De nouveau, le royaume chérifien se brouille avec un de ses soutiens, sinon son principal mentor dans le monde arabe. Le coup de froid que traversent les relations politiques entre Rabat et Ryadh, s'il est révélateur de l'extrême inconsistance de la diplomatie marocaine, montre autrement qu'il faut toujours être sur ses gardes avec un pays toujours prompt à «tourner casaque». Après avoir provoqué inutilement l'année dernière l'Iran, l'accusant d'alliance avec le Front Polisario, et dans la même foulée l'Algérie, ou la brouille deux ans auparavant avec la Mauritanie voisine, voilà que la diplomatie marocaine oublie le parapluie doré que Ryadh lui assurait au sein des organisations onusiennes et avec les Etats-Unis et «crache dans la soupe» en provoquant une crise diplomatique avec un allié politique qui lui assurait également la moitié de ses IDE.

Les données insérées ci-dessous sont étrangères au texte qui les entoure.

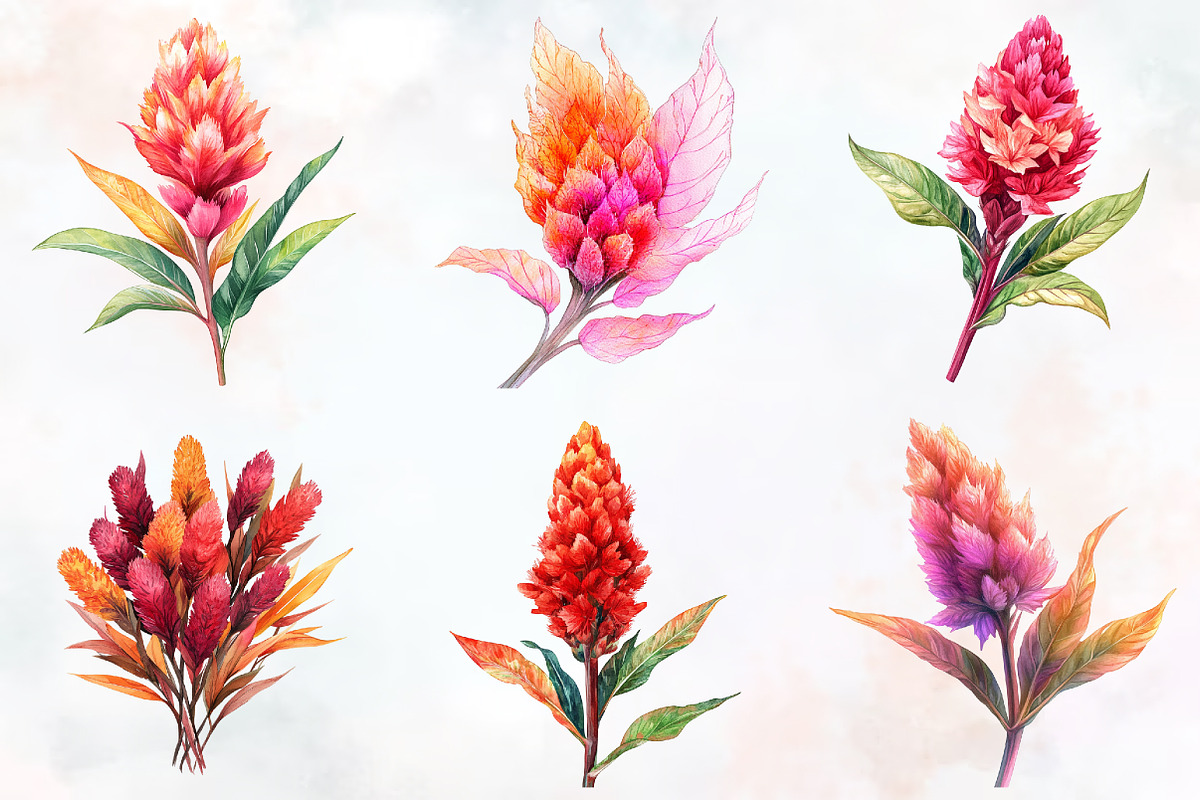 Celosia Flower Watercolor Cliparts, an Illustration by RobertsArt (Photo 5 of 7)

Pour confirmer à l'opinion publique internationale que la diplomatie marocaine version Mohamed VI n'est pas encore sortie de l'adolescence, qu'elle est mue par des sautes d'humeur tout à fait imprévisibles même envers ses plus traditionnels soutiens, Rabat a tout simplement provoqué son allié saoudien en allant le défier chez son voisin qatari avec lequel il est en brouille. Cette erreur très grave commise par le ministre marocain des Affaires étrangères Nasser Bourita, qui n'est pas à sa première bourde, d'accorder un entretien à la chaîne qatarie Al Jazeera, un des pires ennemis médiatiques de l'Arabie Saoudite, obligée de répliquer au petit émirat en créant elle également sa propre chaîne internationale de propagande, Al Arabiya, aura été vécue à Ryadh comme une trahison. D'autant que le chef de la diplomatie marocaine s'était hasardé sur un terrain que ni lui ni son roi ne maîtrisent: les véritables raisons de la guerre contre les Houthis au Yémen et, surtout, sa déclaration pleine de fanfaronnade que le prince héritier saoudien n'était pas le bienvenu au Maroc durant la tournée mondiale de Mohamed Ben Salmane au mois de décembre dernier.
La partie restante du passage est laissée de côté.